A lei eleitoral brasileira regula estritamente a distribuição de propaganda política nos meios de comunicação impressos e áudios-visuais durante a corrida eleitoral. Jornais podem publicar uma opinião favorável a um candidato, partido político, ou coalizão, desde que o artigo não seja pago pela campanha política. Rádios e televisões, contudo, são proibidas de “transmitir propaganda política ou disseminar opiniões favoráveis ou contrárias a um candidato, partido político ou coalizão” nos três meses anteriores à eleição. O Tribunal Regional Eleitoral é encarregado de julgar as reclamações.
As ações judiciais eleitorais, assim como outras relacionadas à honra e reputação de candidatos à eleição, são exaustivamente utilizadas por políticos que argumentam que qualquer crítica ou alegação de corrupção é planejada para favorecer seus rivais. Freqüentemente, eles têm sucesso em suas demandas. Em 30 de setembro, por exemplo, um juiz eleitoral do Amazonas fechou o canal de TV A Crítica, sediado em Manaus, por 24 horas em resposta a uma queixa apresentada pelo governador Eduardo Braga.

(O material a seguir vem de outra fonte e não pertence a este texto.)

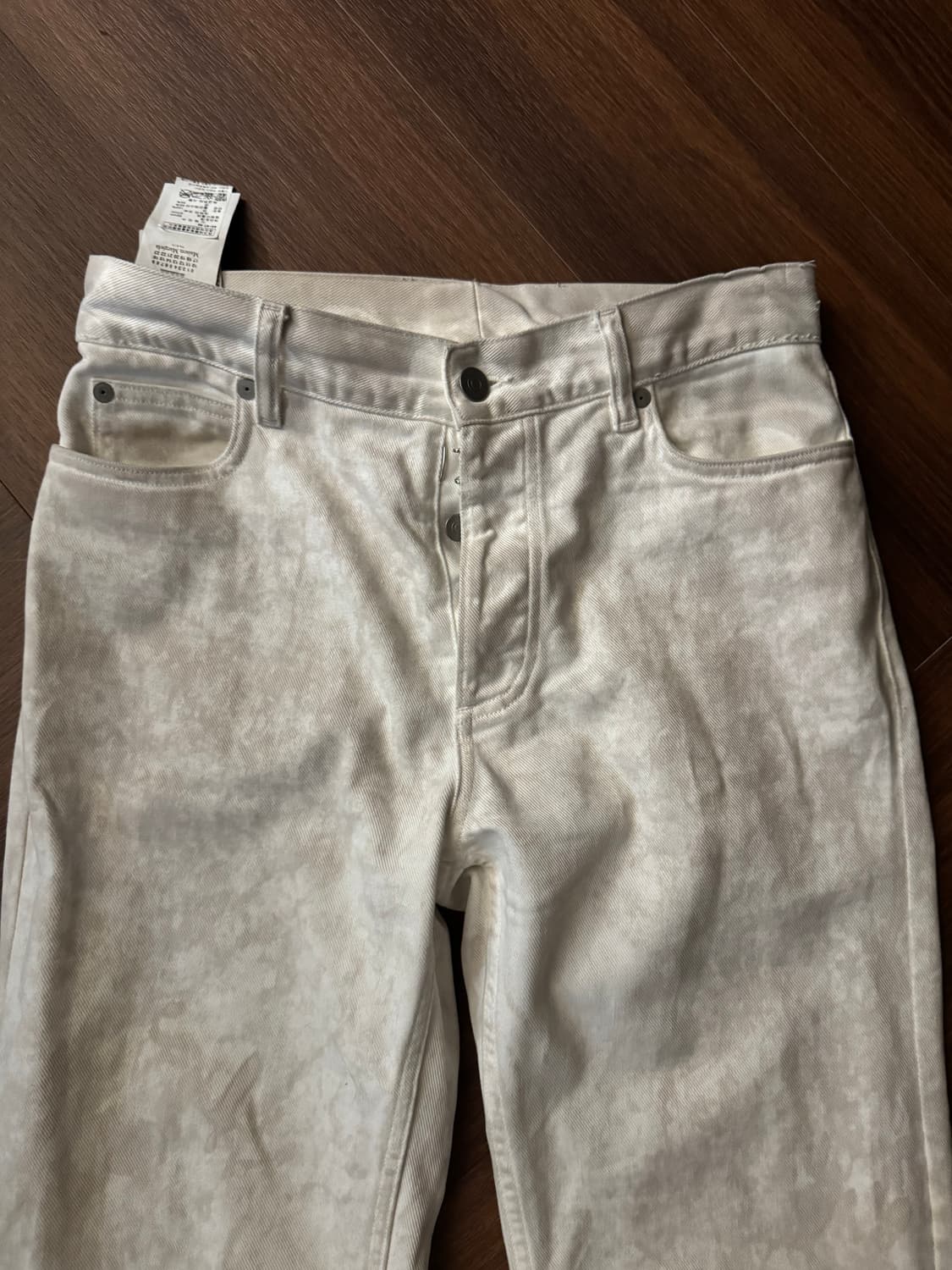 마르지엘라 아이보리 크랙 데님 팬츠 상품이미지2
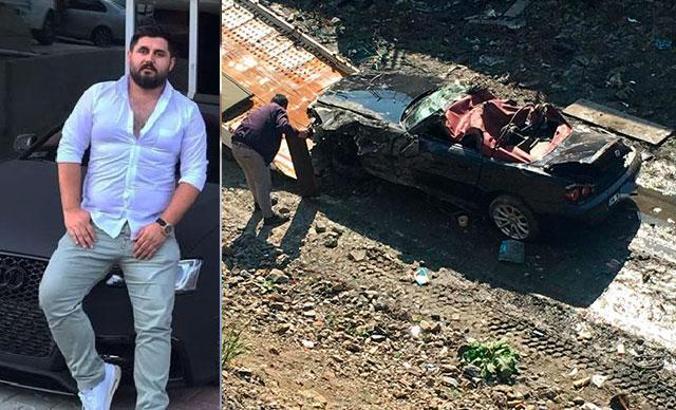 Maslak'ta dere yatağına uçan aracın sürücüsü öldü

Em 27 de setembro, durante um debate ao qual Braga não compareceu, a TV A Crítica veiculou segmentos com reportagens sobre suposta corrupção na administração estadual. O juiz considerou que as reportagens foram propaganda eleitoral ofensiva à honra e à dignidade de Braga.
Também, severas medidas que restringem o trabalho da imprensa permanecem nos livros. O Código Penal e a infame Lei de Imprensa, de 1967 – aprovada sob o regime militar – criminalizam a calúnia e a difamação. A Lei de Imprensa prevê penas de seis meses a três anos de prisão por calúnia, enquanto o código penal estipula pena de três meses a um ano por difamação. Ações judiciais por difamação contra a mídia – a maioria, queixas civis – cresceram centenas de vezes nos últimos anos, de acordo com informes locais. Empresários, políticos e funcionários públicos freqüentemente apresentam múltiplas ações judiciais contra meios de comunicação e jornalistas, em um esforço para pressioná-los financeiramente e forçá-los a interromper suas críticas. O queixoso pede somas desproporcionalmente grandes em dinheiro por “danos moras e materiais”.
Em nome da proteção da privacidade e da reputação, juizes rotineiramente expedem mandatos proibindo meios de comunicação de cobrirem alegações de corrupção envolvendo funcionários públicos, políticos e empresários. Em 8 de maio, por exemplo, um juiz de Campo Grande, capital do estado de Mato Grosso do Sul, concedeu ao candidato governista André Puccinelli uma injunção contra o diário local Correio do Estado. Puccinelli buscava constranger o jornal por fazer uma matéria sobre uma investigação federal sobre lavagem de dinheiro, primeiramente divulgada na edição de 25 de abril do jornal paulista O Estado de S.Paulo. Partindo da reportagem, o Correio do Estado buscou o comentário de Puccinelli, que negou qualquer delito. O juiz concedeu o pedido de Puccinelli e sentenciou o Correio do Estado a satisfazer as exigências de “objetividade da informação”, “verificação de fontes” e “imparcialidade e independência nas notícias publicadas” em sua cobertura sobre Puccinelli. Caso contrário, seria multado em R$ 500,00 por cópia publicada de qualquer história que falhasse em cumprir todos os critérios. O jornal apelou da decisão.
A concentração da propriedade de mídia continua sendo uma preocupação, especialmente no setor de telecomunicações, dominado pelo grupo Organizações Globo, um das maiores empresas de mídia do mundo e perene líder nacional em receita publicitária. Em alguns dos maiores mercados internos, um grupo dominante controla jornais, redes de televisão aberta e a cabo, estações de rádio e portais de Internet, limitando a diversidade de informação oferecida aos brasileiros.